L’aborto non è più un diritto federale
Adesso, è noto a tutti quanto accaduto negli Stati Uniti negli ultimi giorni: la Corte Suprema americana si è pronunciata venerdì sul caso Roe v. Wade, una sentenza della Corte Suprema del 1973 (riaffermata dalla sentenza del 1992 Planned Parenthood v. Casey) che inquadrava l’aborto come un diritto costituzionale da ritrovarsi nel 9° emendamento sotto forma di diritto non enumerato, o nel 14° emendamento. Roe v. Wade ha finora garantito «la possibilità di abortire fino alla cosiddetta “viability“, ovvero la capacità del feto di sopravvivere fuori dal grembo materno, che all’epoca avveniva alla 28esima settimana di gravidanza, mentre ora può avvenire anche alla 23esima, grazie ai progressi tecnici. La Corte Suprema, in quelle occasioni, sancì l’aborto fino a tale limite come diritto costituzionale. Dunque, non era concesso ai legislatori imporre limiti inferiori a quello delle 23-28 settimane, mentre era possibile concedere termini più blandi», come ha spiegato Filippo Massari in un articolo molto puntuale uscito qualche giorno fa su Immoderati.
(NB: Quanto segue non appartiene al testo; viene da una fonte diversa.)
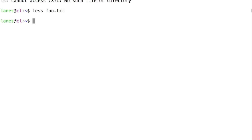This is because error messages are not sent to standard output, but rather to standard error. And the output redirection operator we used in the command only redirects standard output to the file foo.txt.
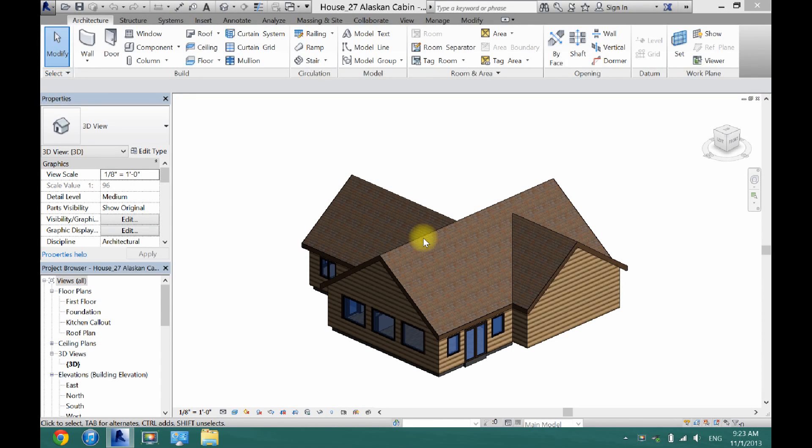What's up guys? David here. Today I'm going to show you how to add a custom window to your house in Revit.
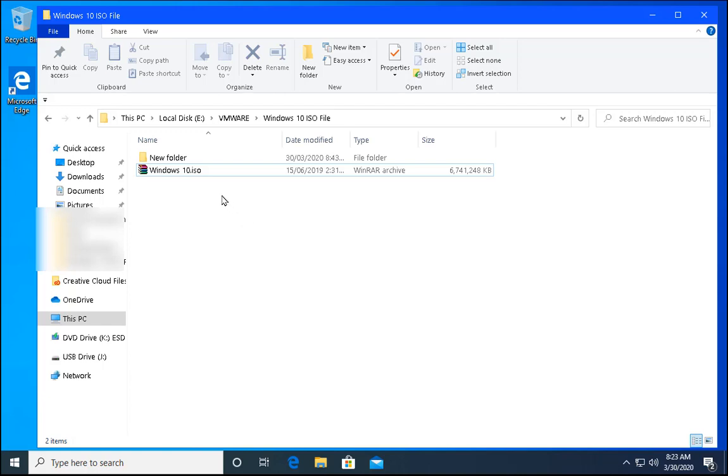Hello guys, this is Nilesh Kamrad and in this video we are going to see how to copy large files into FAT32 file system.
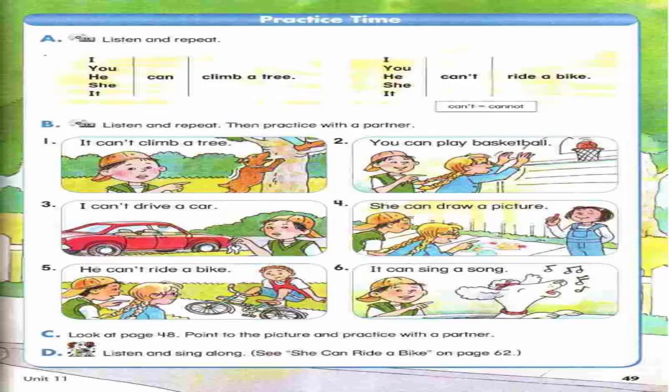Unit 11, page 49. Practice time. A. Listen and repeat. I can climb a tree. You can climb a tree. He can climb a tree. She can climb a tree. It can climb a tree. I can't ride a bike. You can't ride a bike. He can't ride a bike. She can't ride a bike. It can't ride a bike.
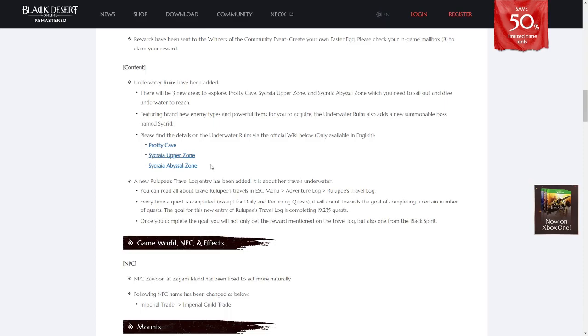As mentioned before, the underwater ruins have been added. For whatever reason, they didn't decide to include all the information on these on the patch notes, but instead they gave links to the official wiki pages, as if anyone actually uses Black Desert Online's wiki instead of database. You'll find these links to the wiki pages in the description as well, and I might be making a brief guide as to how to access these areas if that's something that people would like.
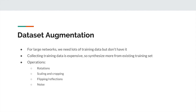We're going to see Keras code on how to do this - Keras makes it super simple. You just give it your training data, define what kind of operations you want to use, and it'll work. That's dataset augmentation.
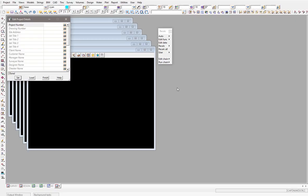Welcome back to the 12D trainers videos. Today we're going to be looking at the project details panel. This is one of the panels that starts up when you start a new project in 12D. It gives you some options to set some project attributes or details for the project, which can then be used in various different ways within 12D.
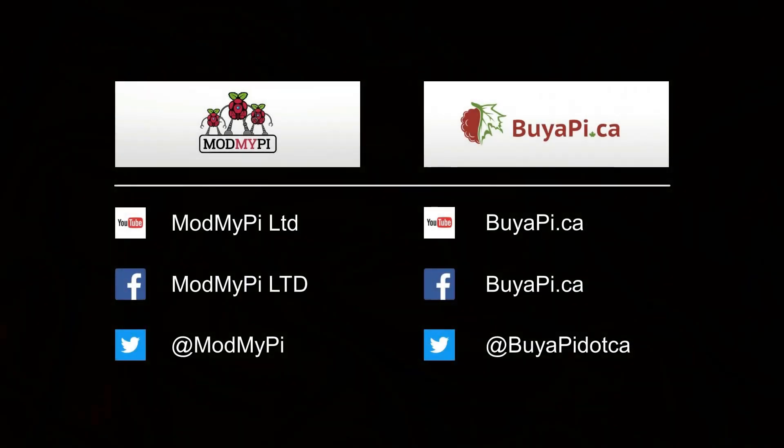Thank you for watching, and please follow us on social media for more Pi projects and resources.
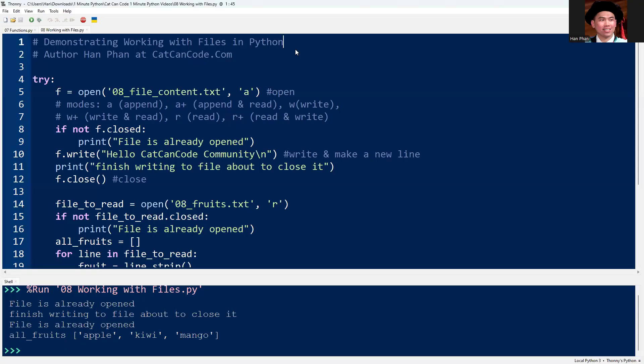Hello everyone, I'm Dr. Han Fan. In this video, I'm going to demonstrate how to work with files in Python.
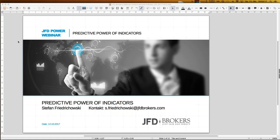JFD is getting more and more international — we now have additional webinars in French, and we've launched the web page in the Italian language as well. Today is the English day, and that's the only language I can talk besides German. My Italian is really only enough to get something to drink or eat, but anyhow, let's move forward.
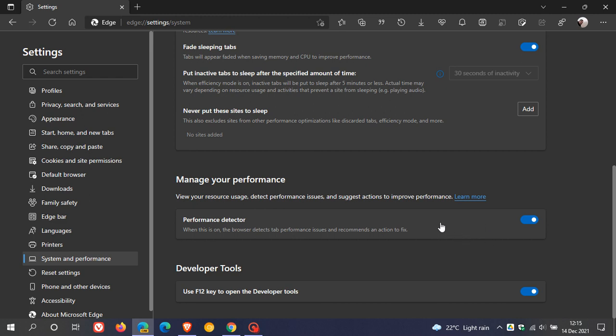Now this looks like it's on a controlled rollout currently, because I can only see this new feature in Edge Canary on my Windows 10 device. I don't see it yet on my Windows 11 device in Edge Canary, so if you don't see it, just be patient. I'm sure this will be rolling out to you in the near future.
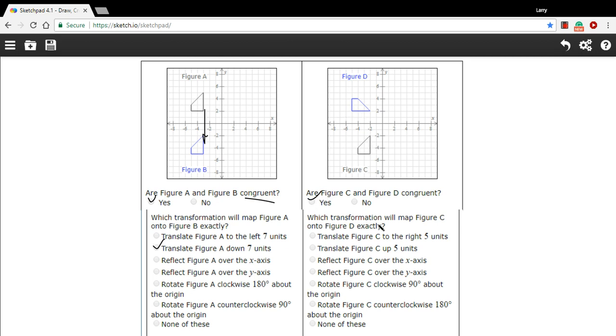So what transformation is going to map C onto D? One of the things that's different about D is that it seems to be on its side from C. This is a clue that a rotation is going on here. It's being turned maybe this way or maybe this way.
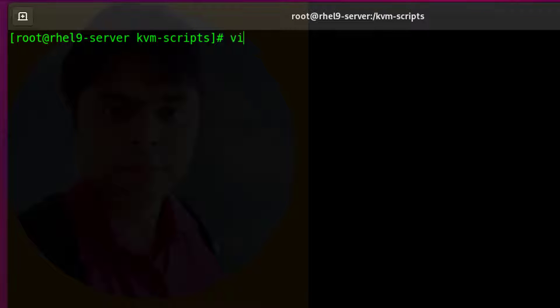Now I am going to write a script to start and view both VMs all at once. Watch all steps attentively.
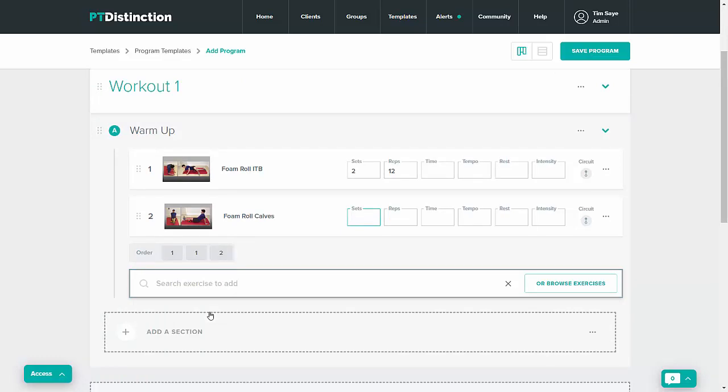You can add the acute variables in exactly the same way or you can come up and you can add the variables for an entire section at the same time. Doesn't matter how many exercises you have in the section.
La sentenza della Corte Suprema di venerdì ha però ribaltato Roe v. Wade e Planned Parenthood v. Casey, stabilendo che l’aborto non è più un diritto garantito dalla Costituzione e che la decisione sulla legalità dell’aborto spetta ai cittadini e ai loro rappresentanti politici. «La sentenza non rende giuridicamente illegale l’aborto – prosegue Massari – ma trasforma quello che finora era un diritto garantito dalla Costituzione in una questione politica. L’effetto immediato o prossimo sarà però quello di limitare fortemente, e in certi casi impedire totalmente, l’accesso all’aborto in diversi Stati del Paese.» (per maggiori dettagli sulla sentenza, rimandiamo all’articolo dedicato)

Il diritto e i diritti
Tralasciando gli argomenti puramente bioetici pro-choice o anti-abortisti, credo che, prima di urlare in piazza slogan come “My body, my choice” o “Abortion is right” con così tanta leggerezza e approssimazione, sia fondamentale chiedersi cosa voglia dire veramente “diritto”. Nella sua accezione principale, il diritto è un insieme di regole che un gruppo si dà per organizzare la vita associata, le quali vanno poi a configurare l’ordinamento giuridico. Gli ordinamenti giuridici variano secondo i tempi, i luoghi e le circostanze, ponendo complessi problemi di coerenza e di armonizzazione. Tuttavia, espressioni come “non hai il diritto di” o “è mio diritto” rilevano che il diritto non è solo un complesso di leggi (diritto oggettivo), ma anche un potere o una qualità della persona, la facoltà di fare alcunché riconosciuta dall’ordinamento giuridico ai soggetti (diritto soggettivo).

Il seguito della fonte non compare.